Reanudamos el viaje y a pocos metros cruzamos un arroyo, a través de un viejo puente que crujía bajo las ruedas del micro. Seguimos haciendo kilómetros, encajándonos y siendo liberados por los paisanos hasta que empezó a caer la noche. A eso de las 21 hs, con el pasaje cansado y hambriento, el micro se encajó poco después de pasar el cementerio de General Lavalle, en el cruce de la ruta en el cual se debía tomar a la derecha para hacer unos 20 kilómetros, para luego doblar a la izquierda y rumbear para el acceso a la playa por Santa Teresita.

Los chóferes nos dijeron que iban a General Lavalle, para llamar al hotel e informarles que estaban retrasados por el estado de la ruta. El tiempo pasó, los chóferes no regresaron y entonces los hombres del pasaje decidieron ir a la entrada de una estancia a un kilómetro de la ruta, contar lo que nos pasaba y pedir que los acercaran a General Lavalle para localizar a los chóferes.

Mientras esto sucedía, la gente gaucha de la estancia le dijo al pasaje que bajara, que nos iban a preparar corderito asado hasta tanto pudiésemos reanudar el viaje. Las mujeres nos hicieron subir a mí y a mi primo al portaequipaje para bajar los cajones de bebida y así aportar algo al asado gratuito que nos brindaban los lugareños. Disfrutamos de un hermoso asado, volvimos al micro como a las 3 de la mañana y a eso de las 8 am llegaron los hombres trayendo por la fuerza a los choferes que se habían ido a dormir a un hotel de General Lavalle.

Los paisanos desencajaron el micro y re-emprendimos el viaje. Llegamos a la playa de Santa Teresita y tuvimos que esperar que bajara la marea –los chóferes tenían una tabla con el horario de las mareas– para reiniciar el viaje esta vez a través de la playa. Cruzamos por debajo del muelle de pescadores que aún se conserva en Santa Teresita, seguimos varios kilómetros por la playa hasta que en el medio de los médanos apareció, por fin, la figura del Hotel San Miguel, un hermoso edificio de dos o tres pisos y techo de tejas.

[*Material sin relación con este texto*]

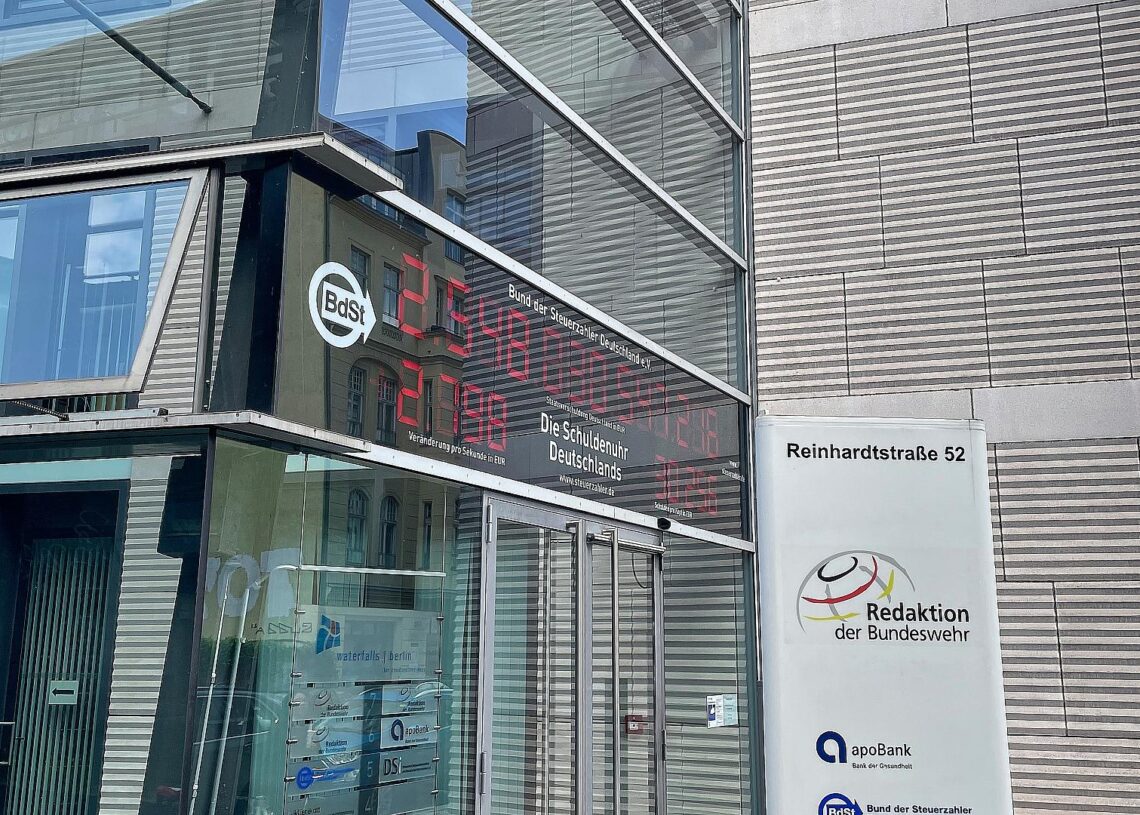 Schuldenuhr am Haus Reinhardtstraße 52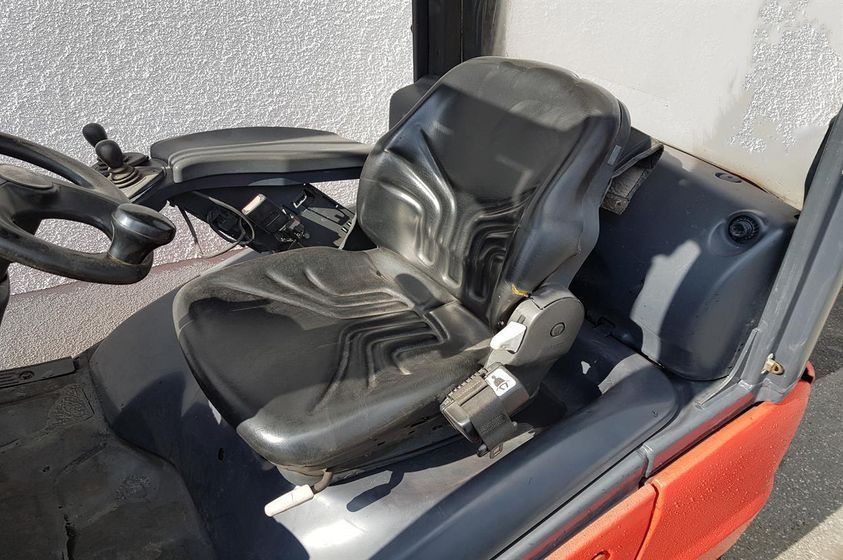 Дизельний навантажувач Linde H16D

Allí paró el micro para descargar lo que había quedado de las provisiones y seguir hasta Mar de Ajó. Al mediodía llegamos a destino, ¡luego de treinta y seis (36) horas de viaje! Mi hermana le preguntó a un lugareño donde estaba la parada de taxis y éste le señaló un sulky de carrocería de paja: ése era el taxi.

Ocupamos tres sulkys, dos para los pasajeros y el restante para el baúl de mi primo. Debíamos ir a la hostería “El Caballito Blanco” que está a unos dos kilómetros del pueblo en dirección a Pinamar. En ese paraje estaba esta hostería, el Hotel Silvio, la comisaría y una casa que era la curiosidad de la gente pues se asemejaba a un barco.

Cuando le contaba a mis hijos y a conocidos que habíamos tardado 36 horas en llegar a Mar de Ajó no lo podían llegar a entender. Claro, como iban a creerlo si hoy se viaja en muy pocas horas.

Odisea aparte, este viaje fue, es y será un recuerdo imborrable mientras viva.